▸ **WORK TO COMPLETE**:
When you restate the data, keep every word as it is and drop the images.

◇ ◇ ◇ ◇

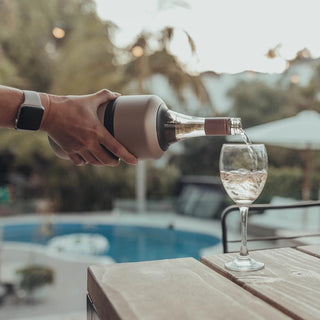 Huski Wine Cooler in rose gold keeping wine perfectly chilled – available at Pink Poppies Living Creatively, Stanthorpe boutique.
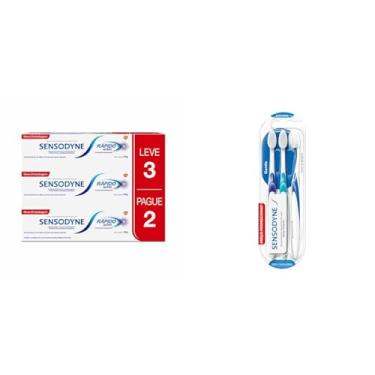 Imagem de Kit Sensodyne Escova Dental Gentle para Dentes e Gengivas Sensíveis + Sensodyne Creme Dental Rápido Alívio e Proteção Duradoura para Dentes e Gengivais Sensíveis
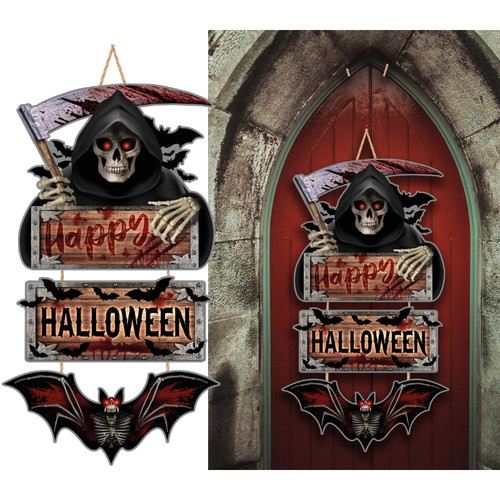 Happy Halloween Death Door Sign Wooden 60cm 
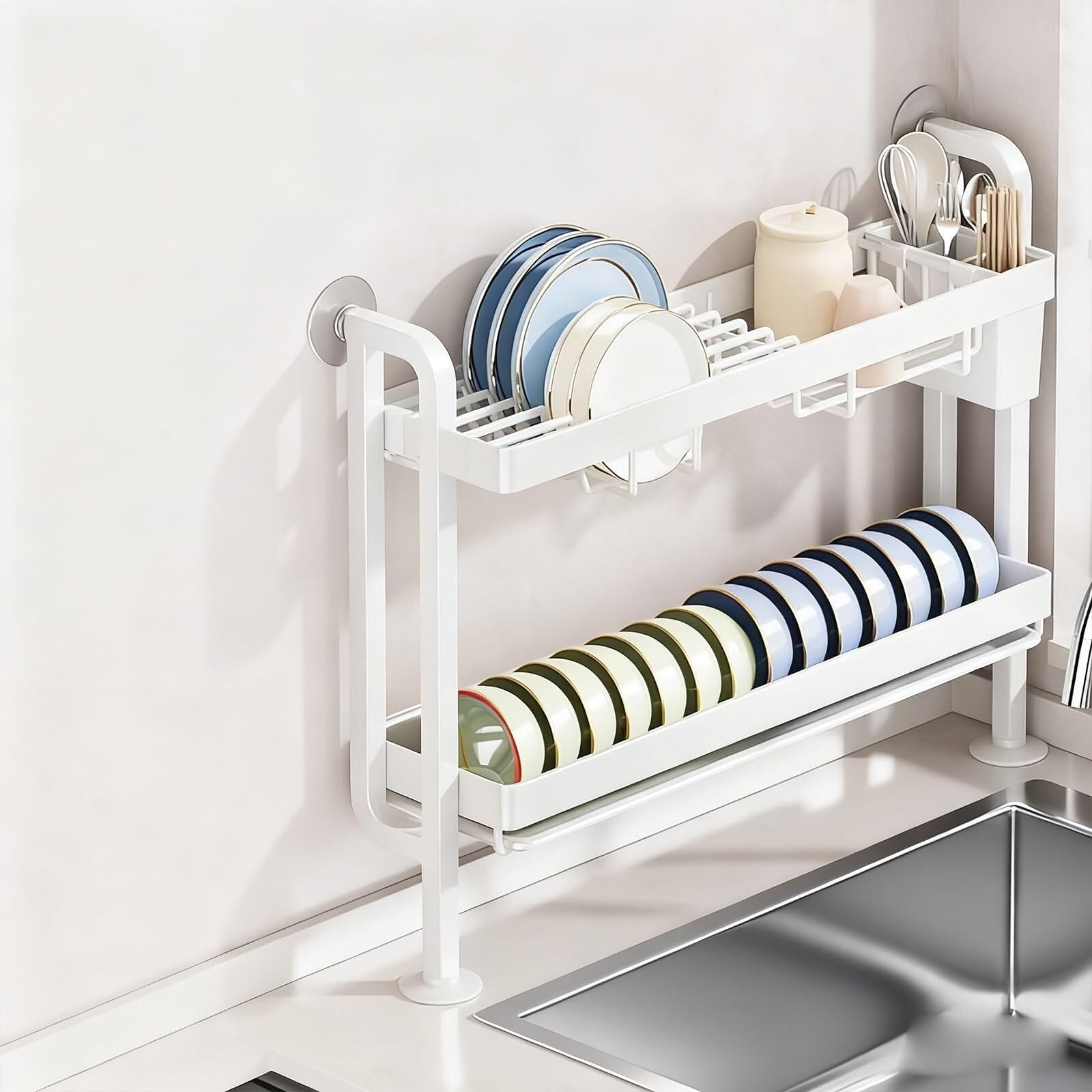ARUNASC dish racks Dish Drying Rack 2/3 Tier Kitchen Counter Utensil Holder Over The Sink Dish Drainer Drying Rack for Kitchen drainer(Wei�,Double layer)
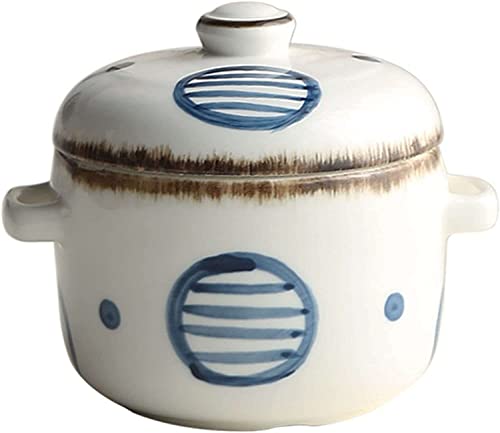 HEAGER Keramik Schüssel, Suppe Schüssel, Zwiebelsuppenschüssel mit Griffen und Deckel, 500 ml Keramikschüssel, mikrowellen- und ofenfest, 13,5 x 11 x 11,8 cm, Blau(White2) von HEAGER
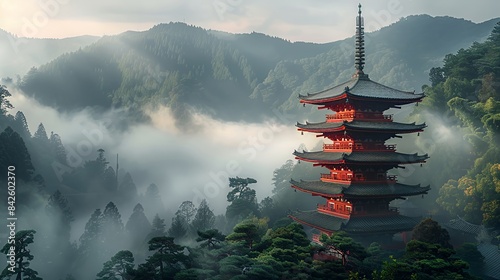 A tranquil ancient Japanese temple in the misty mountains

◇ ◇ ◇ ◇

▸ **RESPONSE TO THE EXERCISE**:
 Huski Wine Cooler in rose gold keeping wine perfectly chilled – available at Pink Poppies Living Creatively, Stanthorpe boutique.
 Imagem de Kit Sensodyne Escova Dental Gentle para Dentes e Gengivas Sensíveis + Sensodyne Creme Dental Rápido Alívio e Proteção Duradoura para Dentes e Gengivais Sensíveis
 Happy Halloween Death Door Sign Wooden 60cm 
ARUNASC dish racks Dish Drying Rack 2/3 Tier Kitchen Counter Utensil Holder Over The Sink Dish Drainer Drying Rack for Kitchen drainer(Wei�,Double layer)
 HEAGER Keramik Schüssel, Suppe Schüssel, Zwiebelsuppenschüssel mit Griffen und Deckel, 500 ml Keramikschüssel, mikrowellen- und ofenfest, 13,5 x 11 x 11,8 cm, Blau(White2) von HEAGER
 A tranquil ancient Japanese temple in the misty mountains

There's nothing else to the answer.